エッジに吹き付ける空気の流れを唇や口蓋で形成しなければならないフルート等と異なり、リコーダーの場合はこの部分がすでにウインドウエイとして形成されている為、発音が素早く簡単にできるのだ。
しかし良い事だけではない、ウインドウエイが固定化されていることは、変化させる事が難しい、
リコーダーの最低音と最高音ではエッジに当たる空気の流れの角度、太さ、速さ等の最適値が異なるだろう、これを固定化するのだから両者の平均値的な設計とするしかなく、さらに言えば最低音最高音を含む全ての音に対しても最適値ではなく近似値でしかないわけだ。
さらに細かく・・吹き出し口とエッジとの距離も変化が必要
音の 鳴り始め、途中、鳴り終わりにも変化が必要・・キリが無い!・・
そして実際の演奏は表現として最適値以外の音もバンバン使う。
リコーダー奏者には息の強弱コントロールのみ残されている。これでかなりの部分が解決可能性かもしれないが、当然不満は残る。
テレマンではなくダニーボーイをソロかギター伴奏で演奏すると考えてみる。
低音部の充実、中音部の歌うような柔軟性とメリハリ、最高音は感情の詰まったピアニシモ
これをアルトリコーダーで表現するとなると困難が見えてくる。
いっそリコーダーからウインドウエイを取り去ってみたら。との思いで組んでみたのが写真の楽器 アルトリコーダーの頭部管を取り去り、代わりにケーナの発音部分を取り付けた。
ケーナはG管と呼ばれ、音域も足部管のないアルトリコーダーと考える事ができるので、そのまま利用した。
リコーダーは全音のブレッサン(旧)、ケーナはマルセロ・ペーニャ(ボリビアタイプ)を使用
接合部では両者の内径の差が1.5mmほどあるが今回は無視する。(ケーナの方が太い)

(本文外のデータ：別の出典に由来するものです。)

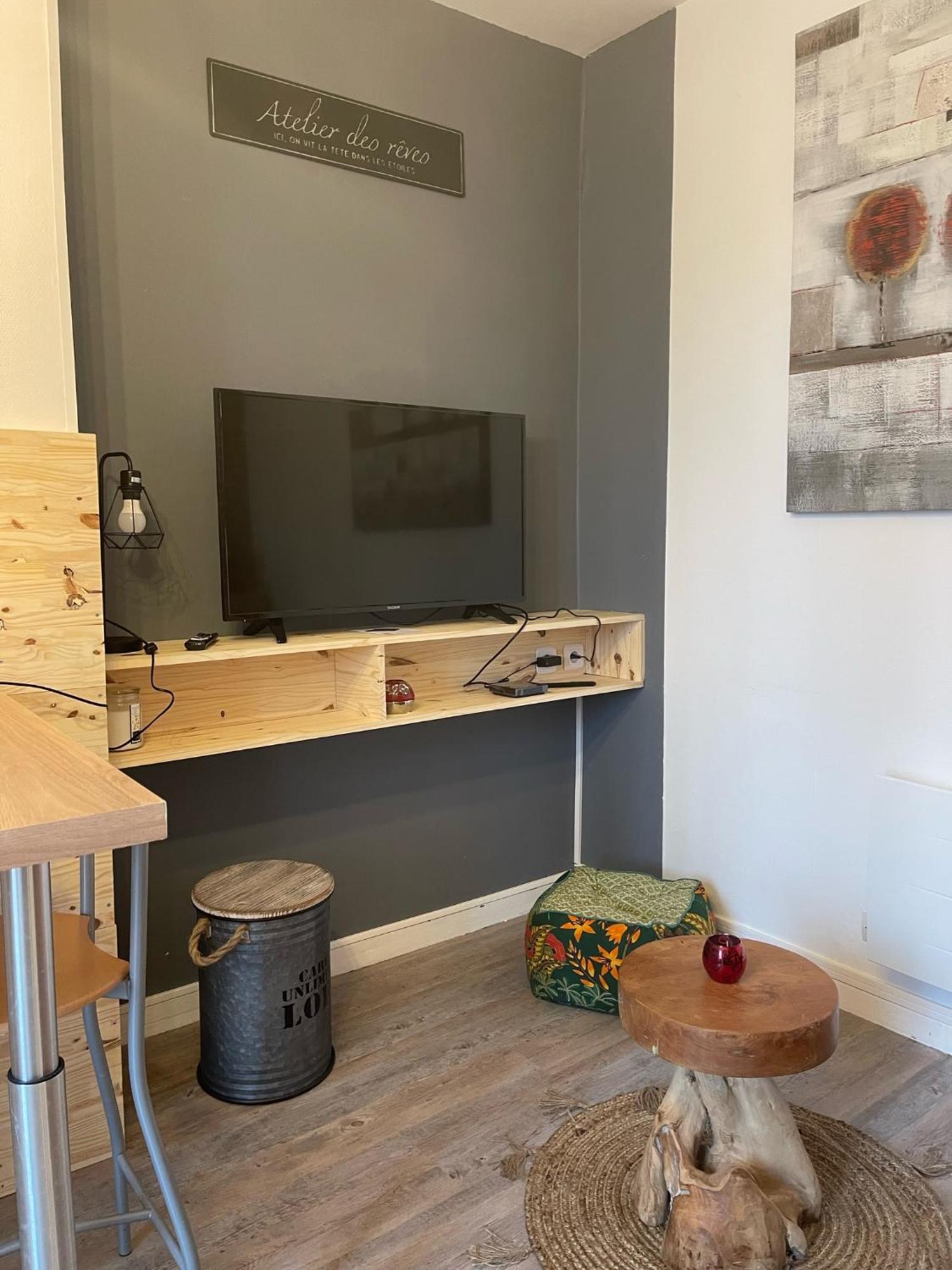 Logement Entier: Appartement Avec Terrasse Quartier De La Gare Amboise Luaran gambar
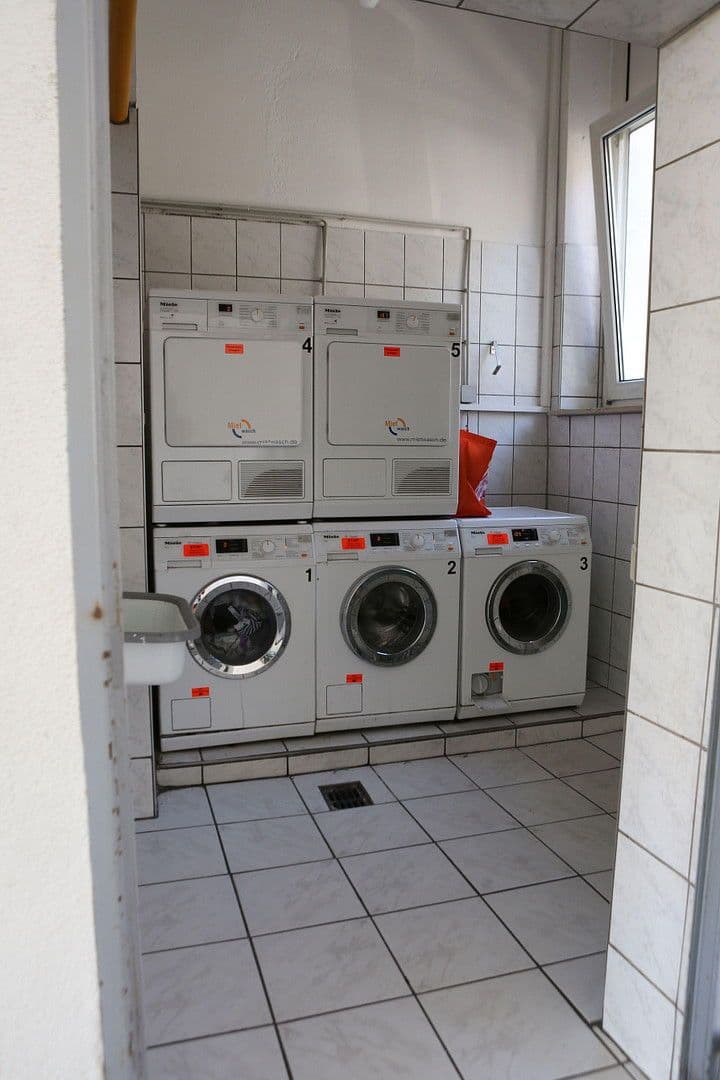 Prenájom bytu 1-izbový 30 m², Leyherstraße 10, Fürth, Bavorsko Prenájom bytu 1-izbový 30 m², Leyherstraße 10, Fürth, Bavorsko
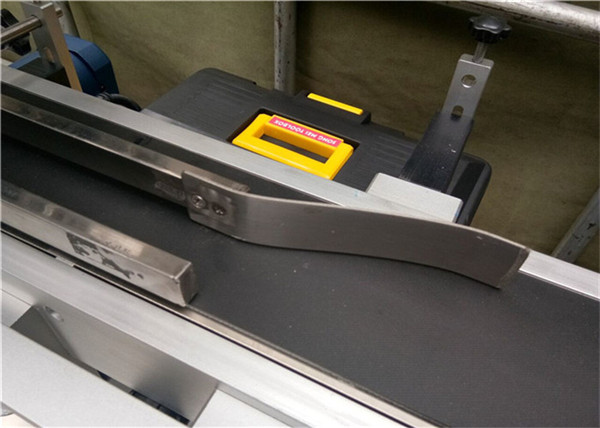 Máquina de etiquetado superior completamente automática para etiquetado de bolsas de sobres vacías de plástico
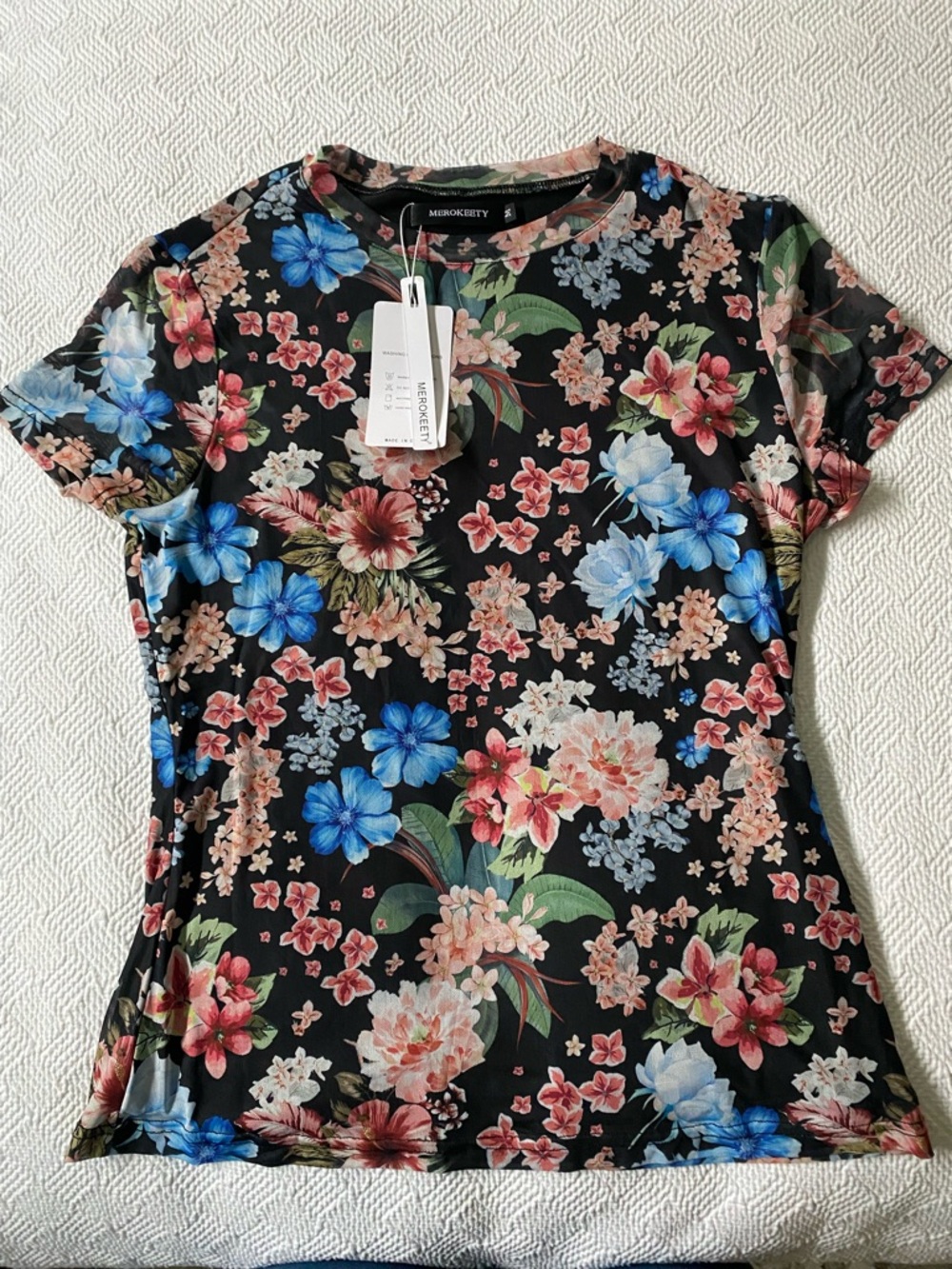 Women's Black Floral Short-Sleeve Tee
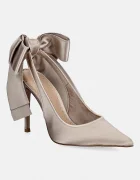 Steve Madden Обувки с тънък ток Teacup в бежово 11004931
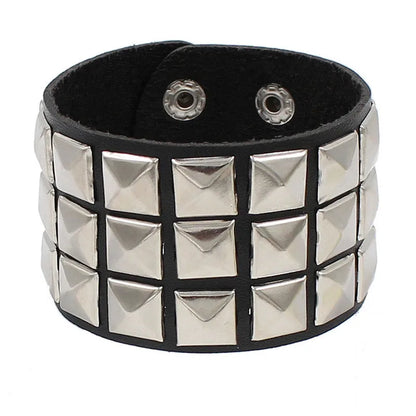 Pulsera Nocturna · Tachuelas y Cadenas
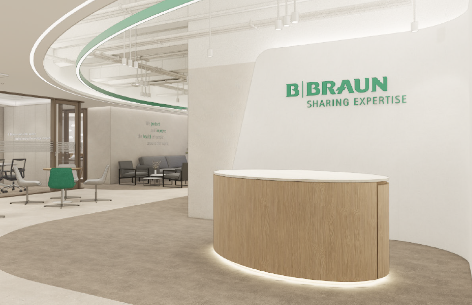 Anna Maria Braun presenting annual report conference titled empowered by technology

接合方法も真鍮パイプなどで抜き差し調整可能な方法が必要だが、とりあえずガムテープで固定した。
試奏
音程 エッジの位置をリコーダーとほぼ同じ位置としたが、大きく外れることは無く、リコーダーと同じ運指で演奏できる。
音色 ボリビアタイプケーナ特有の大口径指孔の明るい大音量ではないが、ちょっとくすんだ音でリコーダーとは明らかに違う。音の変化はつけやすい。
評価するにはもう少し習熟する時間が必要、再度報告するつもりです。